The necessary computing power was provided by the Fugaku supercomputer in Japan, which built upon existing cell databases and charts to form the model. The team also developed new software to more efficiently process brain activity and keep unnecessary calculations down to a minimum.
"Fugaku is used for research in a wide range of computational science fields, such as astronomy, meteorology, and drug discovery, contributing to the resolution of many societal problems," says computer scientist Tadashi Yamazaki, from the University of Electro-Communications.
"On this occasion, we utilized Fugaku for a neural circuit simulation."
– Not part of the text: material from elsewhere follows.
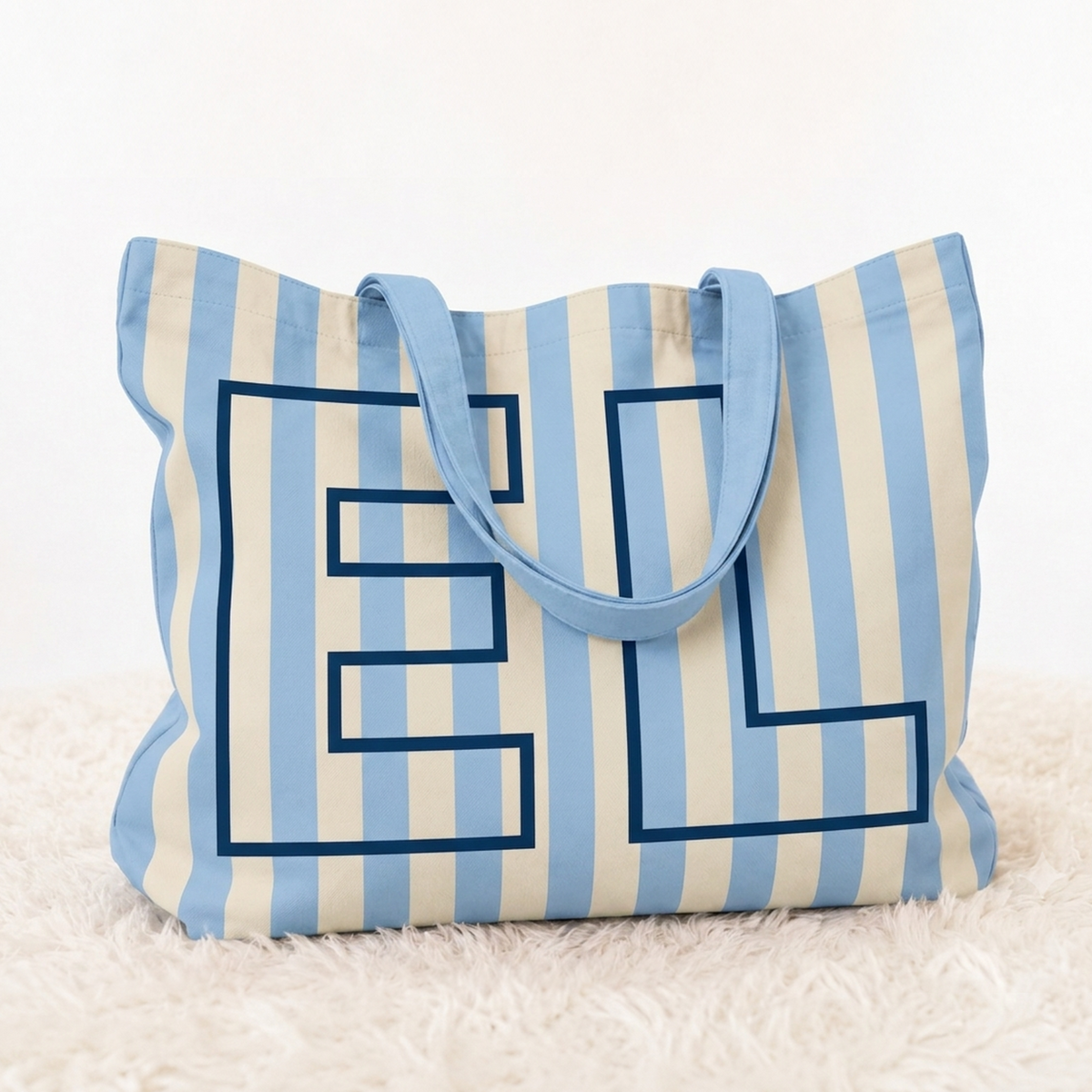 Custom Initials Striped Canvas Tote Bag, Street Bag for Girls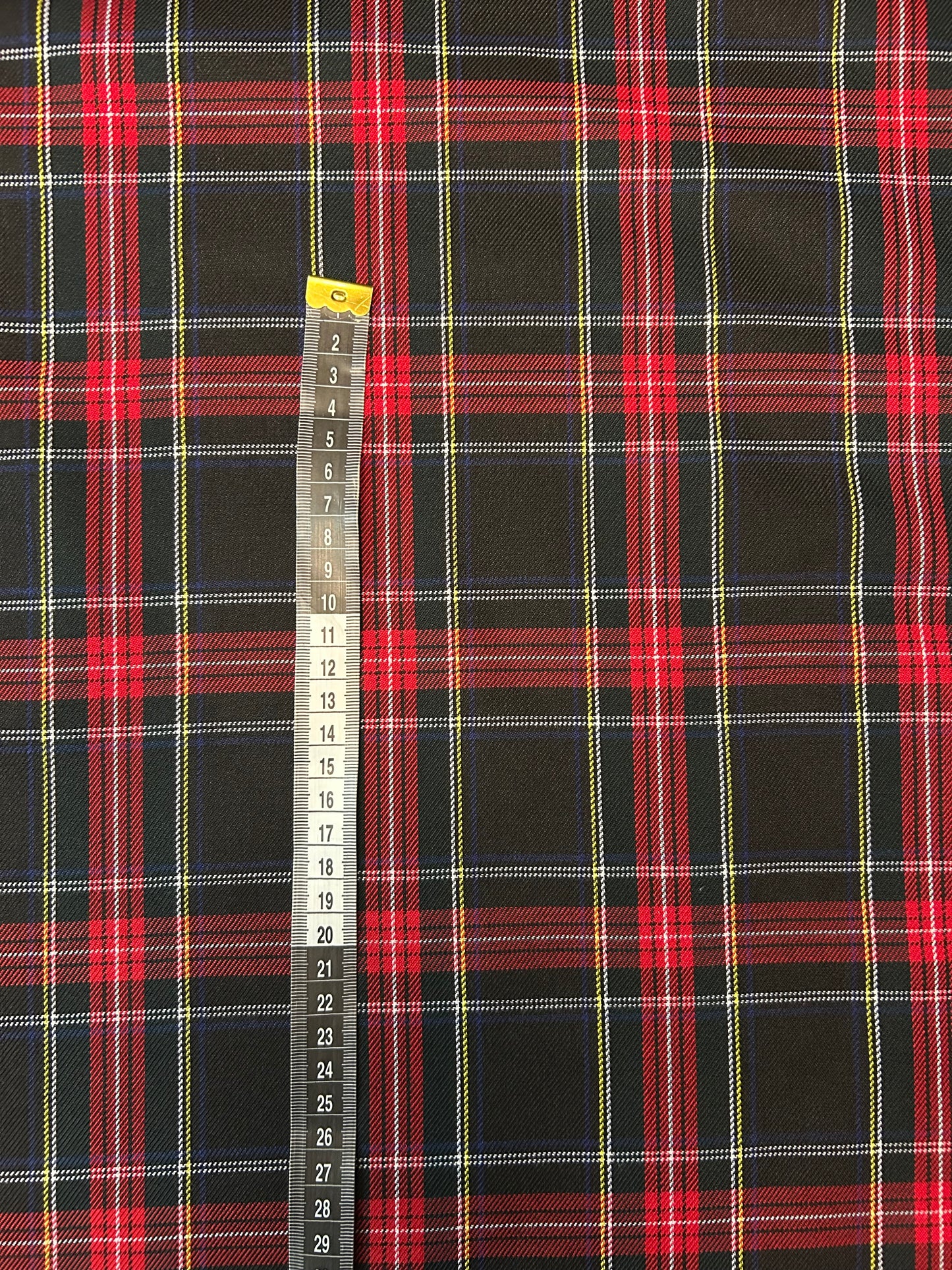 Skotskternet rødt sort stof - Tartan Stof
Our brains are, of course, essential to good physical and mental health, and healthy old age – and studies of virtual brain maps and mini-brain structures are going to be crucial in learning more about how this organ works, and how it can break down.
The team has already been busy putting their new model to use, making discoveries about brain wave synchronization and the way the two hemispheres of the mouse brain interact with each other.
It's a massively impressive feat of computing and biological modeling, but the researchers have even grander plans, and one day want to build a full-sized model of a human brain inside a virtual computing space.
"Our long-term goal is to build whole-brain models, eventually even human models, using all the biological details our Institute is uncovering," says Arkhipov. "We're now moving from modeling single brain areas to simulating the entire brain of the mouse."
The research has been presented at the SC25 supercomputing conference, and is available online.